In early 1946, Dorothy wrote to him from Rapallo and mentioned a book by Douglas Goldring – this was South Lodge: Reminiscences of Violet Hunt, Ford Madox Ford and the English Review Circle (1943). His biography of Ford would not emerge for a couple more years. In April, Pound wrote to Eileen Lane Kinney from St Elizabeths: ‘Weeping over Goldring’s memoir “South Lodge.”’ He said it brought back his ‘jeunesse, 1908-1920 à Londres. An honest book in a flurried world.’[5] And Charles Olson recorded: ‘Goldring’s SOUTH LODGE, on Yeats, Pound, Ford. P: “It was the high period of my life . . . . (or something like that, a sort of apology for his sentimentality about it, as he is reading it).’[6]
The copy of the Magna Charta given by Maud Talbot to the British Museum was sent to Washington as part of an exhibition while both Pound and Dorothy were there. It was not then ‘still there if you climb over attic rafters’. Its still being there was, perhaps, the crucial point: continuity, a fixed point, however specific or even personal, in a world—quite literally, to a considerable extent—blown to pieces: ‘and God knows what is left of our London/ my London, your London’. Earlier in the sequence, the poet identified himself ‘As a lone ant from a broken ant-hill/ from the wreckage of Europe, ego scriptor’ (76/458) and in the same canto, asked: ‘and who’s dead, and who isn’t/ and will the world ever take up its course again?’ (76/453).
Unanswerable questions – or answers that won’t keep still for the space of a single heartbeat. Pound’s own final answer was, essentially, silence.
References
[1] Ezra Pound to His Parents: Letters 1895–1929, edited by Mary de Rachewiltz, David Moody and Joanna Moody (Oxford: Oxford University Press, 2010), 471. Pound must be referring to Henry VI, Part I, which features Lord Talbot, afterwards Earl of Shrewsbury, and his son, John.

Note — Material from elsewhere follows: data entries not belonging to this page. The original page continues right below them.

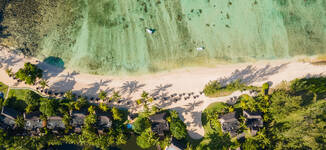 SHANTI_Drone-20-Grande.jpg
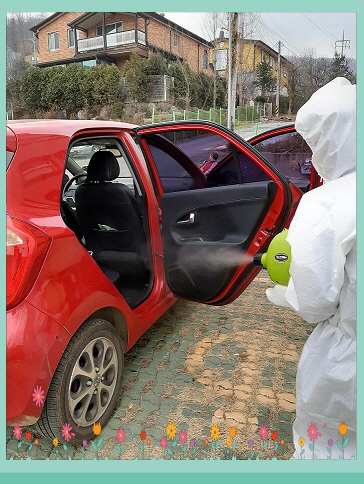 동인요양원 이미지 20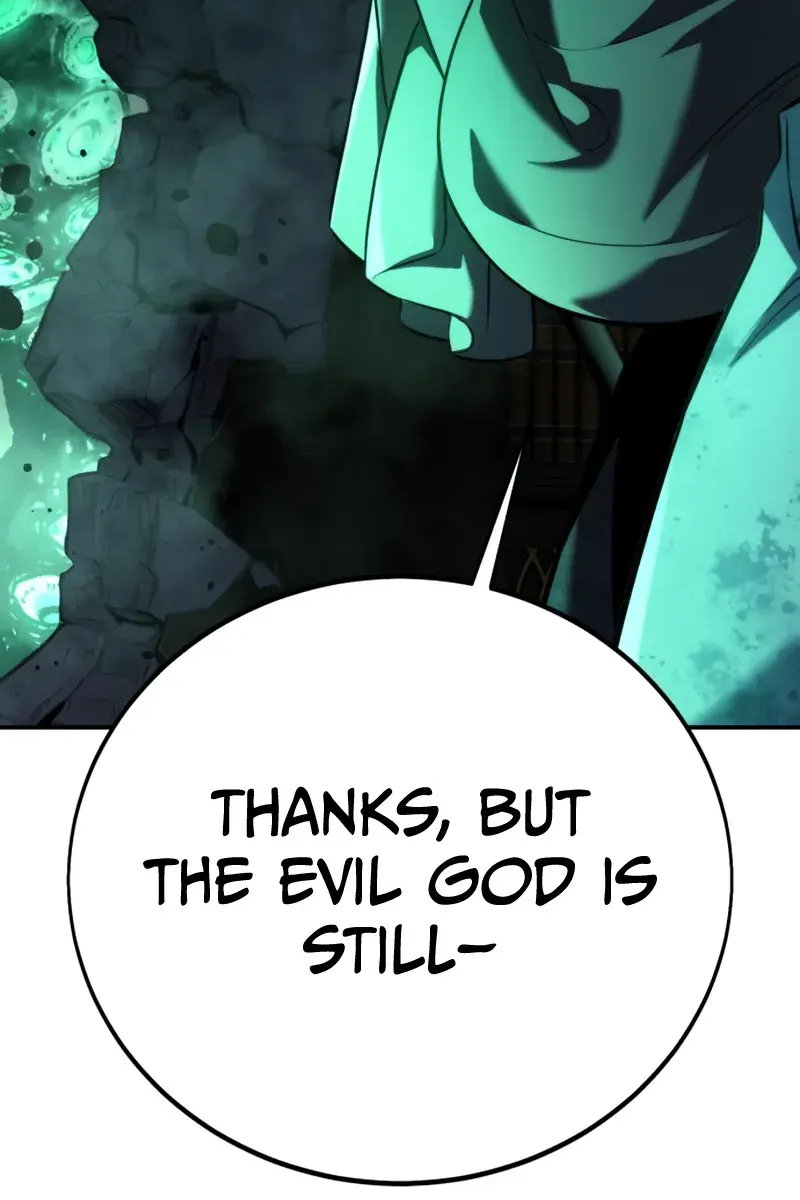 The Extra's Survival Guide Chapter 96 Page 175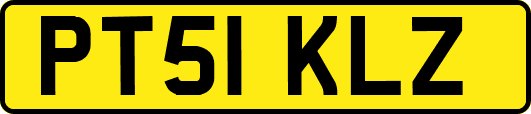 PT51KLZ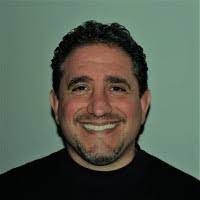 Joseph Cotroneo's Instagram, Twitter & Facebook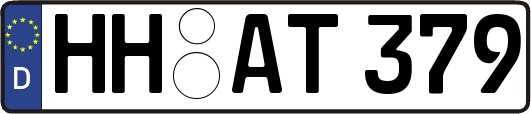 HH-AT379
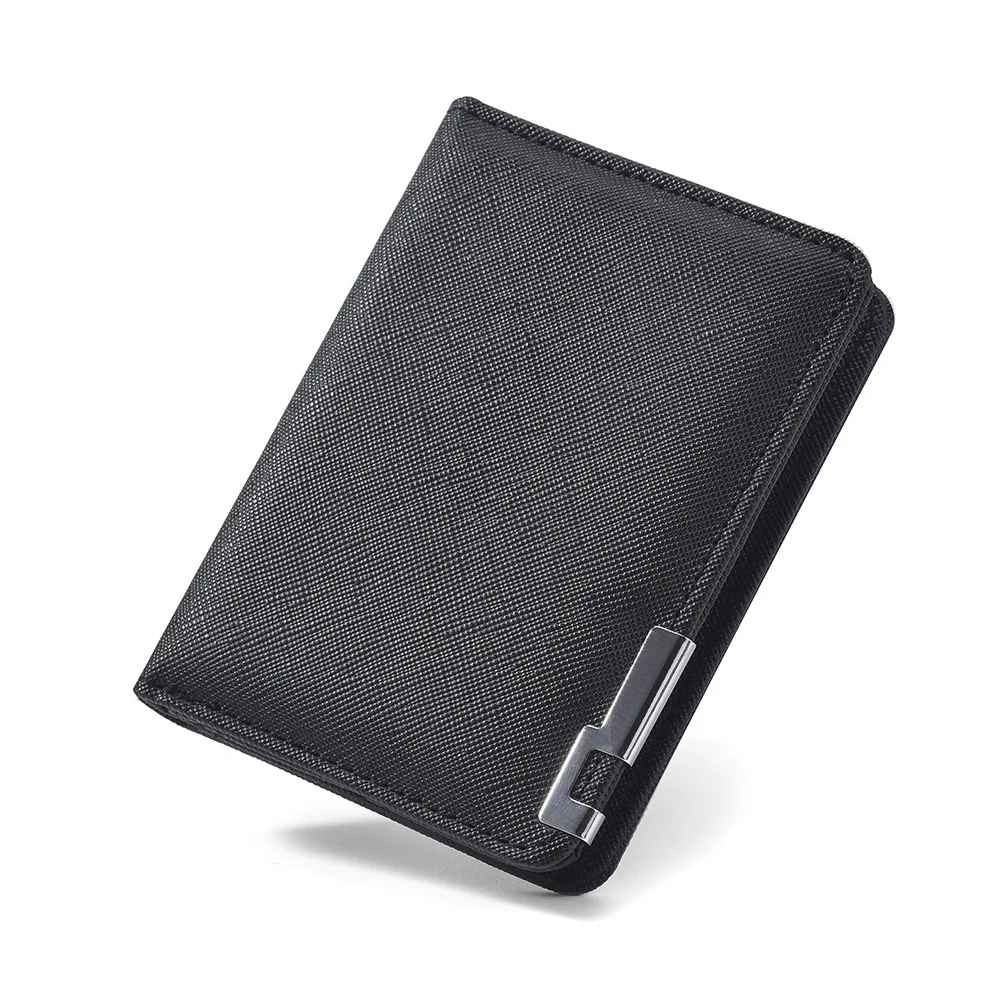 New Fashion Men's Wallet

[2] Omar Pound and Robert Spoo, editors, Ezra and Dorothy Pound: Letters in Captivity, 1945-1946 (New York: Oxford University Press, 1999)101, 100-101fn.2.
[3] Hugh Kenner, ‘D. P. Remembered’ (1973), reprinted in Mazes (Athens: University of Georgia Press, 1995), 292-293. The essay mentions ‘a magnificent old abbey in Yorkshire’, when Wiltshire is meant. I assume this error was also in the original Paideuma piece but can’t lay hands on my copy just now to check that. The Talbot Magna Charta was not the original 1215 version but that of 1225, technically ‘An Exemplification of Henry III’s reissue of Magna Carta, 1225’, as Carroll F. Terrell explains: see A Companion to The Cantos of Ezra Pound, one-volume edition (Berkeley: University of California Press, 1993), 447.
[4] Donald Davie, ‘Ezra Pound Abandons the English’, reprinted in Studies in Ezra Pound (Manchester: Carcanet Press, 1991), 234.
[5] Ezra and Dorothy Pound: Letters in Captivity, 243, 242n.
[6] Charles Olson and Ezra Pound: An Encounter at St. Elizabeths , edited by Catherine Seeley (1975; New York: Paragon House, 1991), 86.